A long time ago, someone asked me if I'd ever Googled myself. I hadn't, but immediately tried it. Imagine my surprise to encounter another Luisa Perkins among the results.
Well, her name wasn't exactly the same as mine; it was Maria Luisa Perkins y de Pablo, and she was listed on a site that records the genealogies of European royalty. I had to know more.
I followed Maria Luisa's family tree back a couple of generations, and discovered that her grandfather was Charles Allen Perkins (a distant cousin of my husband's), born in Salisbury, Connecticut in 1840 to Jehiel Perkins and Alethia Northrop--and that Maria Luisa's grandmother was Maria Francisca Isabel Gurowska y de Bourbon.
How had a boy from Litchfield County ended up marrying the granddaughter of King Charles IV of Spain?

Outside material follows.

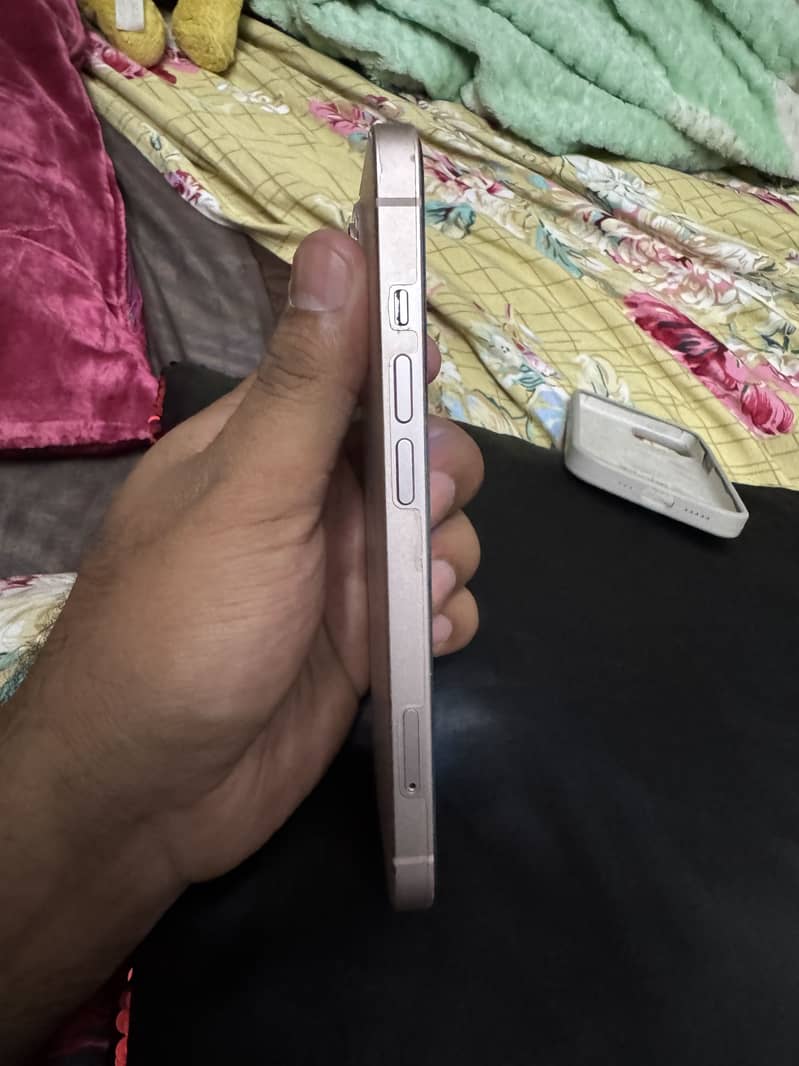 Apple iPhone 13 3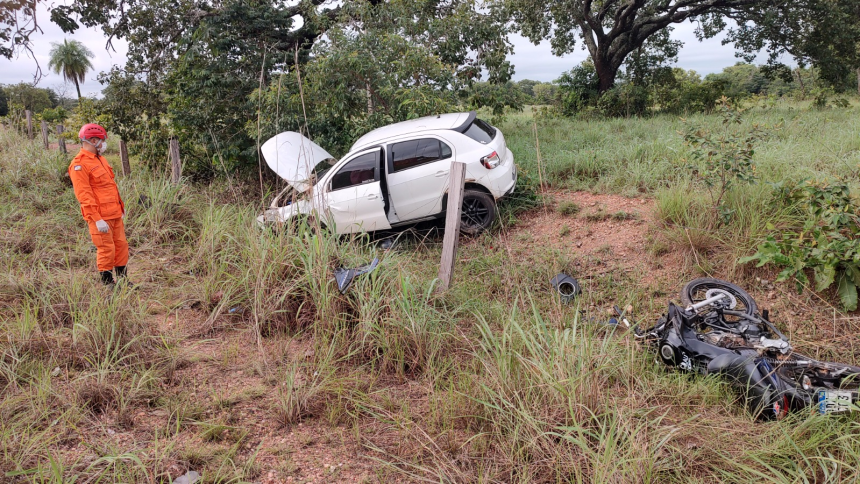 casal-morre-em-acidente-na-to-336-e-corpo-de-uma-das-vitimas-vai-parar-embaixo-de-carro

It turns out that Charles grew up in privileged circumstances. He went to school in Paris and later worked in a Parisian bank. After coming back to the States, he worked for a time for the New York Stock Exchange. After that, he was appointed to consulates in Sweden and in Spain, and was finally promoted to the position of private secretary to Colonel Charles Hance Lewis, the U.S. Minister to Portugal.

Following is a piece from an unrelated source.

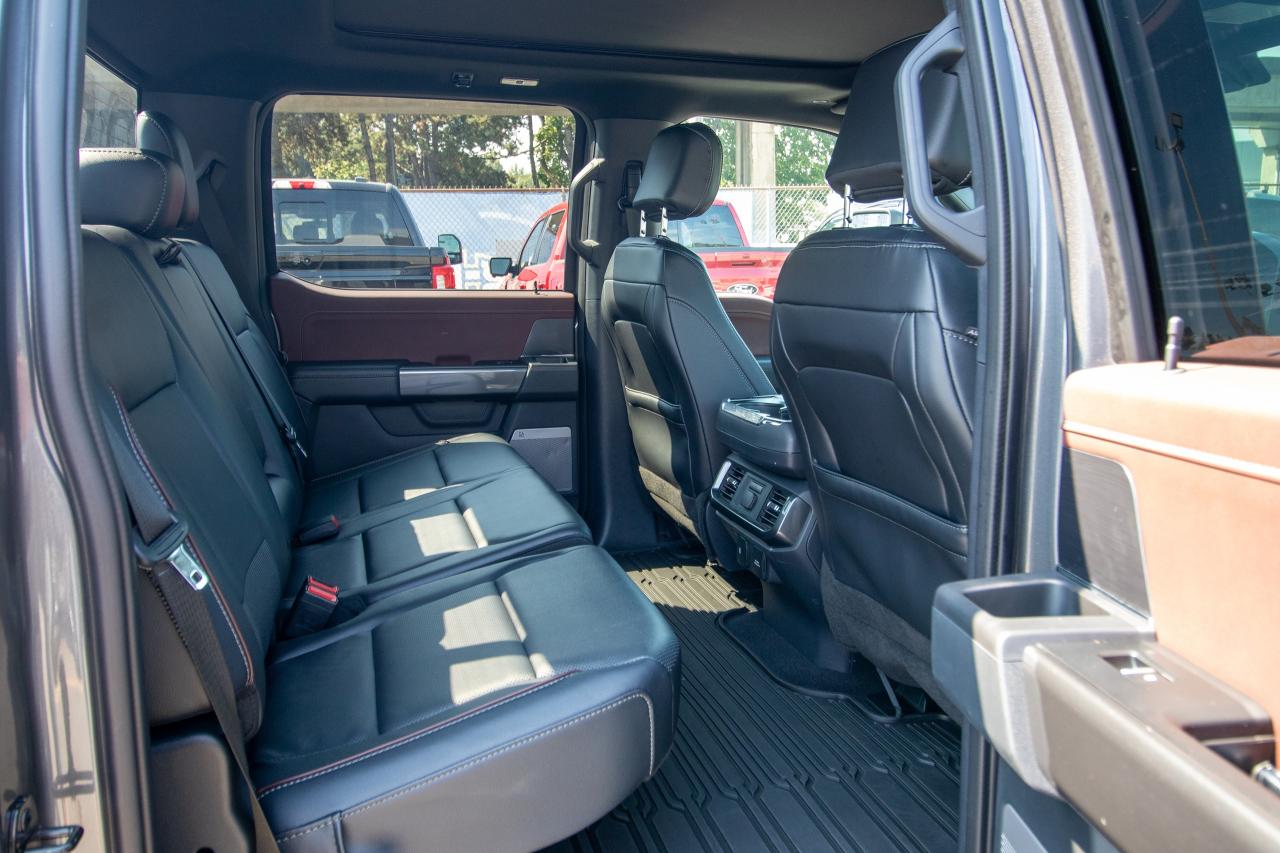 2023 Ford F-150 Lariat 4WD SuperCrew 6.5' Box Photo5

The Spanish government was in upheaval at the time, so the Spanish royal family lived in exile all over Europe. Though she had been born in Paris, Isabel and her family lived for most of her life with royal relatives in Portugal. It was in Lisbon that Charles met Isabel, and they fell in love. They had to get special dispensation from the Pope to get married, and did so in 1870 in the French Roman Catholic Church of St. Louis. (Curiously, they were also married aboard the American ship Franklin by the ship's captain, Oliver Glisson. I'm not sure of the reason for the double ceremony.)
(Isabel's parents, Count Ignace Gurowski of Poland and Isabel de Bourbon, were apparently sympathetic to the marriage, since they had themselves eloped. And good for them. There was way too much inbreeding going on otherwise. First cousins and half-uncles marrying one another for generations...it was probably time to get some fresh stock in the gene pool.)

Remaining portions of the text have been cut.